Het lijdt bijgevolg geen twijfel, dat de door. de Commissie geproduceerde stukken laten zien, dat betaling heeft plaatsgevonden van hetgeen verschuldigd was althans hetgeen door verzoeker zonder voorbehoud was aanvaard. Dienaangaande zij er ten overvloede aan herinnerd, dat de Italiaanse wettelijke regeling op het gebied van de aanbesteding van openbare werken, die in beginsel ook in casu van toepassing is(*), voorziet in de verplichting om bij de ondertekening van de verschillende fasen van de werken en van de eindstand een voorbehoud te maken, wanneer men latere vorderingen wil doen gelden.(*) Zonder dit voorbehoud vervalt het recht om latere vorderingen in te stellen. Deze bepaling beoogt te voldoen aan het vereiste van zekerheid in de economische betrekkingen met een overheidsinstantie en belet partijen, hun vorderingen mettertijd te wijzigen.

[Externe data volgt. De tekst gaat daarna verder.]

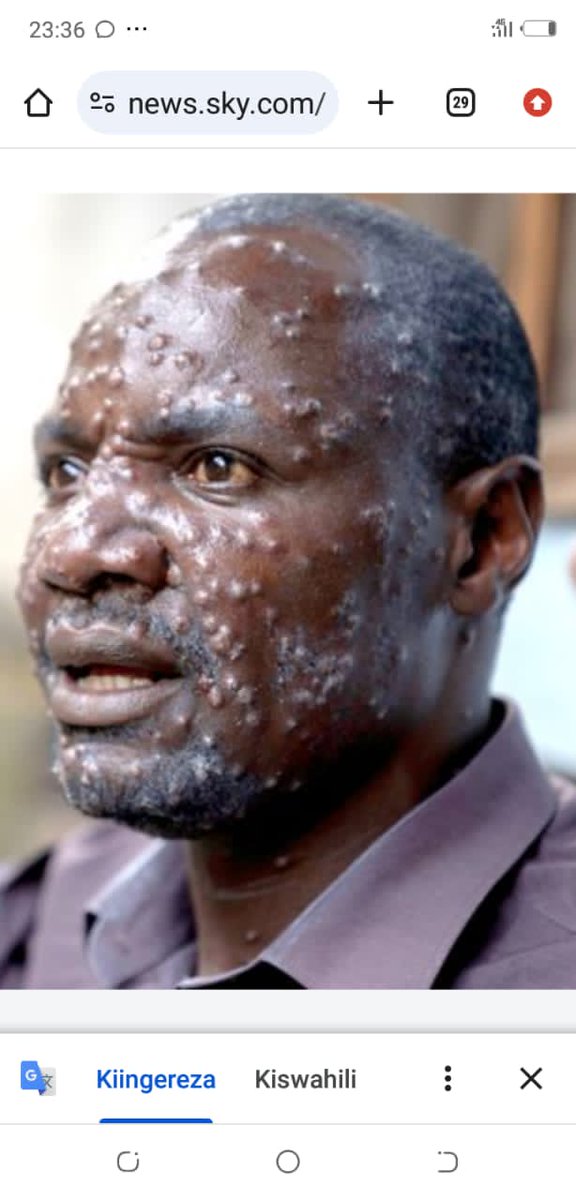 *Tahadhari za kiafya zizingatiwe.*
1. Tuepuke kusalimiana kwa mikono.
2. Tuepuke kukumbatiana.
3. Tucheze muziki kwa kutogusana.
4. Vitakasa mikono, sabuni na maji tiririka viwepo kila mahali.
5. Tunawe kila mara.
6. Tutakase mikono kila mara.
7. Virusi vya Homa ya Nyani/tumbili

Op grond van bovenstaande overwegingen geef ik het Hof in overweging:

  1. het beroep niet-ontvankelijk te verklaren voor zover het petitum na de instelling van het beroep is gewijzigd;

  2. het beroep voor het overige ongegrond te verklaren;

  3. verzoeker in de kosten van de procedure te verwijzen.